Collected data

______

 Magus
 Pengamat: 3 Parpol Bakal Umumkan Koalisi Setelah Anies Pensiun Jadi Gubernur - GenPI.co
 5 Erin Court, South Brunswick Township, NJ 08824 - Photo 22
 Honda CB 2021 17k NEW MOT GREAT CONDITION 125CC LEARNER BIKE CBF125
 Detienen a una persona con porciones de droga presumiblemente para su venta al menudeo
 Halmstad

______

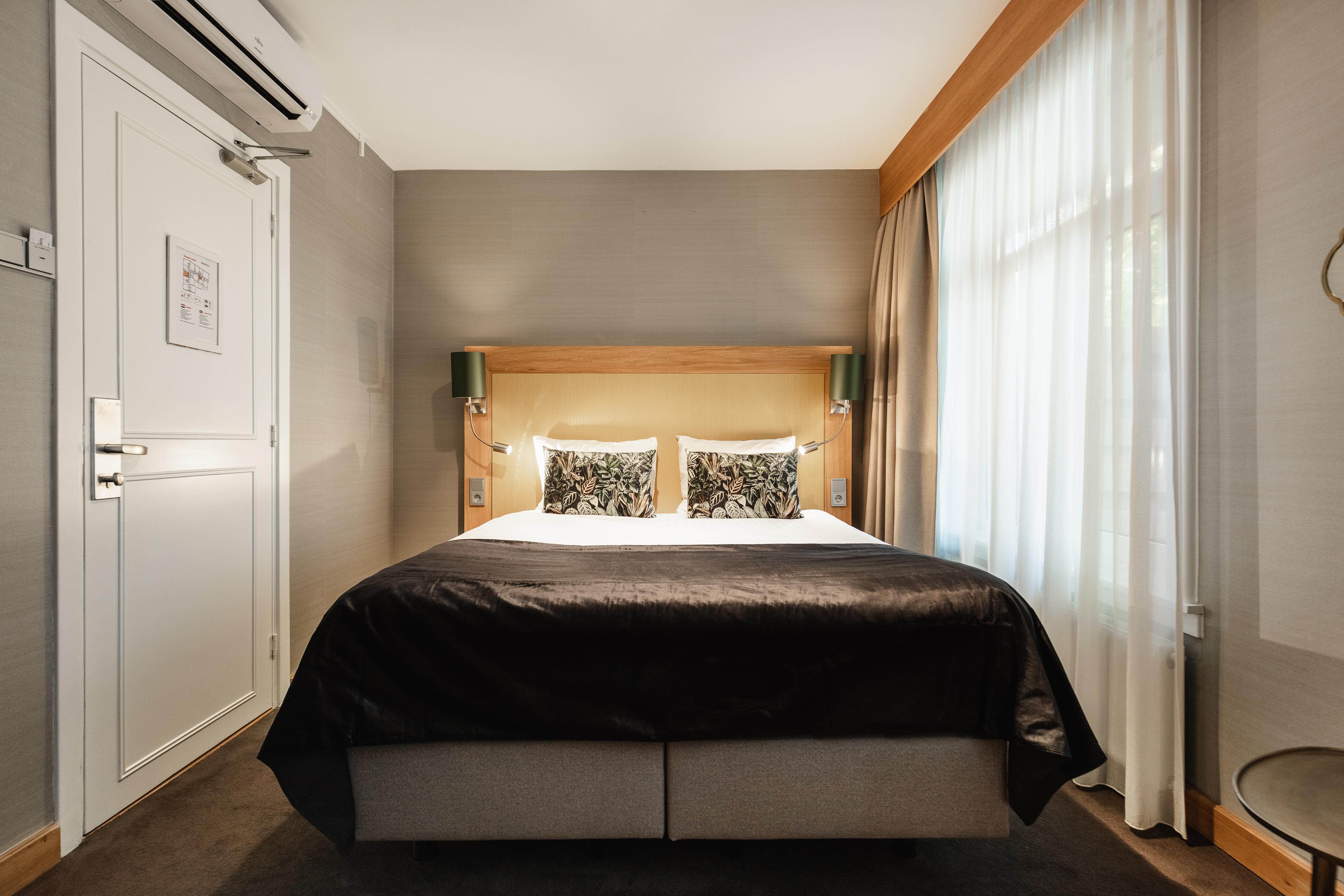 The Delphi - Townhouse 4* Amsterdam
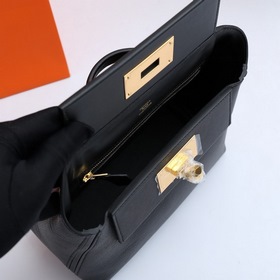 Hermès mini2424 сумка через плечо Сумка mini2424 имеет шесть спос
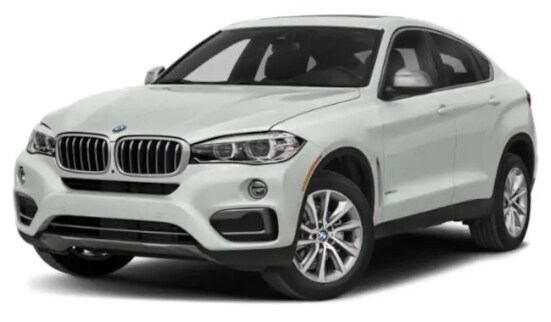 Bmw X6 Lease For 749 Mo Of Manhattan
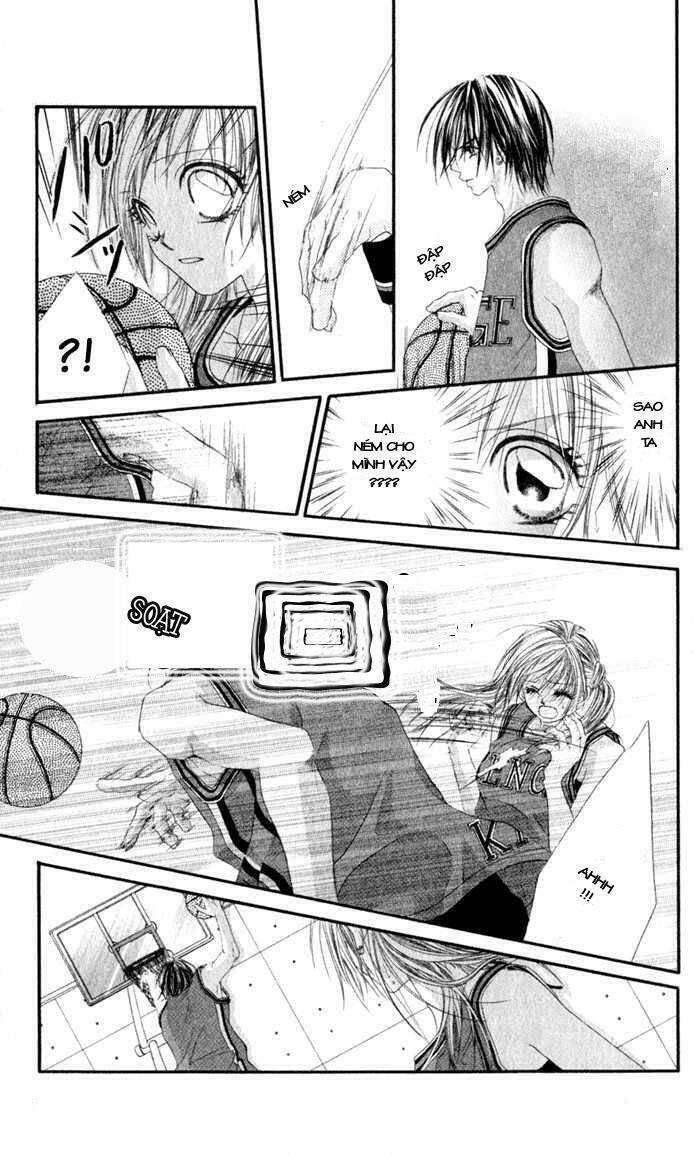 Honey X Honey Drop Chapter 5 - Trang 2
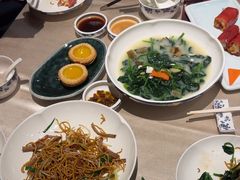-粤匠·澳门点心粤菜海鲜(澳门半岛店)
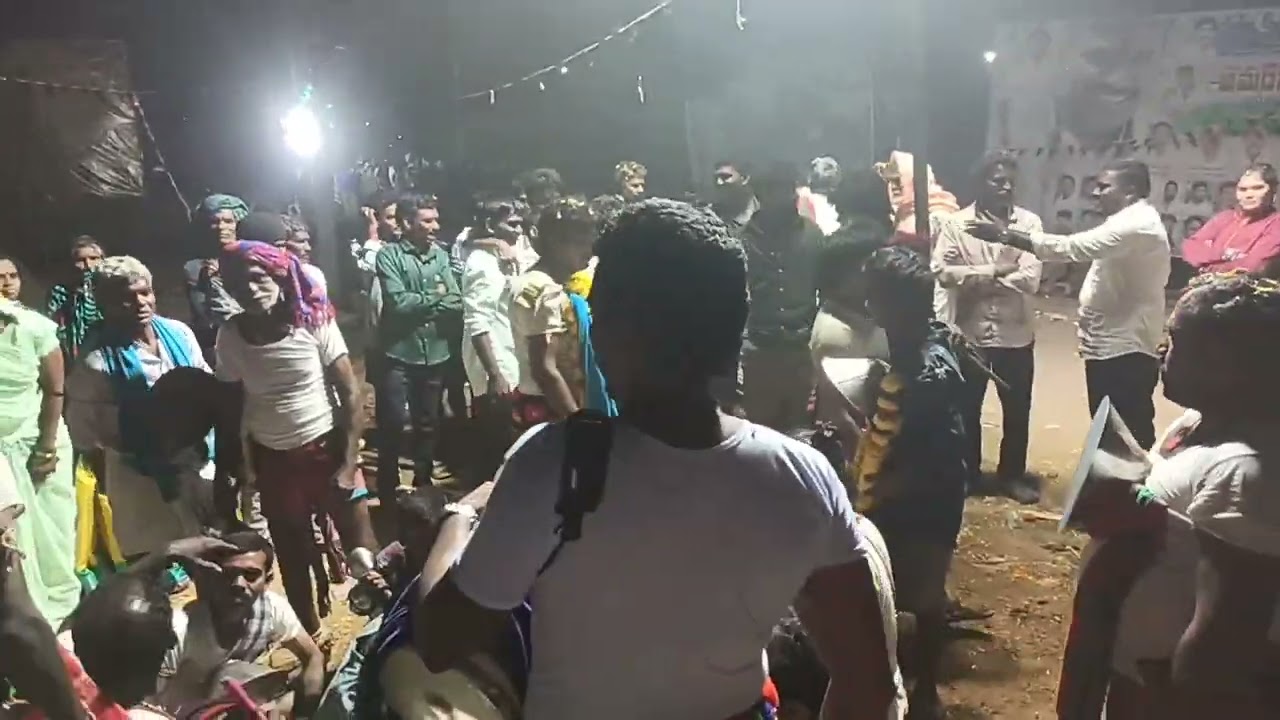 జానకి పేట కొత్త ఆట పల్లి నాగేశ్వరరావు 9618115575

______

▶ **Aim of the task**: The lines to copy exactly start with the line above that has "Honey X Honey Drop Chapter 5 - Trang 2" and go on through the line that has "జానకి పేట కొత్త"; please include both, add nothing else, and omit the pictures.

▶ **Completed exercise**:
 Honey X Honey Drop Chapter 5 - Trang 2
-粤匠·澳门点心粤菜海鲜(澳门半岛店)
 జానకి పేట కొత్త ఆట పల్లి నాగేశ్వరరావు 9618115575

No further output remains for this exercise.